Directions —
Give every line from the entries that contains "image".

*** Opening Given information ***

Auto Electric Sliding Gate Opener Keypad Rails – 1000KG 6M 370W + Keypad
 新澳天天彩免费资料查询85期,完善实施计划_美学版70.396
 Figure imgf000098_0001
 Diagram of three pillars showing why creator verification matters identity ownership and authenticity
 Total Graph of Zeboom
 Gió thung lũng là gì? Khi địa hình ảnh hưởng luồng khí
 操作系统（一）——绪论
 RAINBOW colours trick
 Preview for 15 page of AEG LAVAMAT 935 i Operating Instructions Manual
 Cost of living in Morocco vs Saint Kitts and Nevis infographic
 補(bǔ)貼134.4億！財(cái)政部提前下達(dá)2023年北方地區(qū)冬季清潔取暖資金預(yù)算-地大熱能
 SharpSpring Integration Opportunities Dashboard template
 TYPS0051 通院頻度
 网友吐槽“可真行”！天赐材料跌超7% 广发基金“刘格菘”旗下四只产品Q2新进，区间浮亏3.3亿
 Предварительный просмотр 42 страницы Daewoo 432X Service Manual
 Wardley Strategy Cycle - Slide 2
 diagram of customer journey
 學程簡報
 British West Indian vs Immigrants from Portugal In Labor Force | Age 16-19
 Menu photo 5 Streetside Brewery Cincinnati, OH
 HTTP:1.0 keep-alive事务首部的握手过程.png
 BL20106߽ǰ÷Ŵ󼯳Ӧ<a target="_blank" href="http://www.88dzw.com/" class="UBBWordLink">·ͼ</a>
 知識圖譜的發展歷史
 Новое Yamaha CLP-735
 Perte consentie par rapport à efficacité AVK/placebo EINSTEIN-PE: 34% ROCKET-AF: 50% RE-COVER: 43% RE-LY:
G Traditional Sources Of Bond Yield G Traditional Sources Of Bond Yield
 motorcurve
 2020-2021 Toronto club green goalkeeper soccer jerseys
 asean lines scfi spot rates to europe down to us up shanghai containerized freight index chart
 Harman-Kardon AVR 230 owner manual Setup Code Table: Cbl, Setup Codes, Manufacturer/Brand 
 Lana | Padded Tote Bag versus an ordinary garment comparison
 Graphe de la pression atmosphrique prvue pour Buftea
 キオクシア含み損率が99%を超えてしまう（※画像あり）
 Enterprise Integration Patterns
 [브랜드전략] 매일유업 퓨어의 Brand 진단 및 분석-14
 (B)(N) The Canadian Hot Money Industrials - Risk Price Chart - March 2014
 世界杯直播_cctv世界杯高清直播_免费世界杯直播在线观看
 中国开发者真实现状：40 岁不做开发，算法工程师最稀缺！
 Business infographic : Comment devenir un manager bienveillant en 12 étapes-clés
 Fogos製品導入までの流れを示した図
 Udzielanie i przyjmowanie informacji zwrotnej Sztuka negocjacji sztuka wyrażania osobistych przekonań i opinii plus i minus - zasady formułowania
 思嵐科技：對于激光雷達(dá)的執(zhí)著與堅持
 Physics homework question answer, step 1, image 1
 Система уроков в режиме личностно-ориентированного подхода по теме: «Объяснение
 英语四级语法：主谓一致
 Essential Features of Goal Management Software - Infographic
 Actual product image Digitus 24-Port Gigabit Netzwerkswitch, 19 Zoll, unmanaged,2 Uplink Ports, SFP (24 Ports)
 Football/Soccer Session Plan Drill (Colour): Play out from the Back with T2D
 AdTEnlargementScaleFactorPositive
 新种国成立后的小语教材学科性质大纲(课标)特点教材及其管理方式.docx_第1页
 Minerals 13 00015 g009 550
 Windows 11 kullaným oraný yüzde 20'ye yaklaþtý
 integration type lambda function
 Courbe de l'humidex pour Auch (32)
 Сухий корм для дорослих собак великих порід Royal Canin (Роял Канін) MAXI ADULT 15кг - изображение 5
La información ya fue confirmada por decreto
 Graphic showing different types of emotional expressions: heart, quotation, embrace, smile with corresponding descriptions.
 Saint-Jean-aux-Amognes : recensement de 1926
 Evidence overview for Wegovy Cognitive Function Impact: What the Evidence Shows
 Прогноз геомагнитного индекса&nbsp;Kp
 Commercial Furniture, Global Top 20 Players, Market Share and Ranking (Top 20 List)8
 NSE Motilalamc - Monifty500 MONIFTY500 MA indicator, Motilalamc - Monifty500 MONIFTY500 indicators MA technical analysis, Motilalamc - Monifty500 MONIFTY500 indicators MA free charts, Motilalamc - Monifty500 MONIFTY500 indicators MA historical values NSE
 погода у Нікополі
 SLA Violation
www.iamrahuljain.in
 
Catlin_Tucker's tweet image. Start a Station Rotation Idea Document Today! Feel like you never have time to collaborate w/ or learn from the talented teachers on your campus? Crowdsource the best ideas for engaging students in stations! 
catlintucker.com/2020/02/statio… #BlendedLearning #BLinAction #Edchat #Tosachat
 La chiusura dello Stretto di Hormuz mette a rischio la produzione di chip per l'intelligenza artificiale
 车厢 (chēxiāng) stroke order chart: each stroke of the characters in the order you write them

*** Closing Given information ***

Output of the exercise —
 Physics homework question answer, step 1, image 1
 Actual product image Digitus 24-Port Gigabit Netzwerkswitch, 19 Zoll, unmanaged,2 Uplink Ports, SFP (24 Ports)
Catlin_Tucker's tweet image. Start a Station Rotation Idea Document Today! Feel like you never have time to collaborate w/ or learn from the talented teachers on your campus? Crowdsource the best ideas for engaging students in stations! 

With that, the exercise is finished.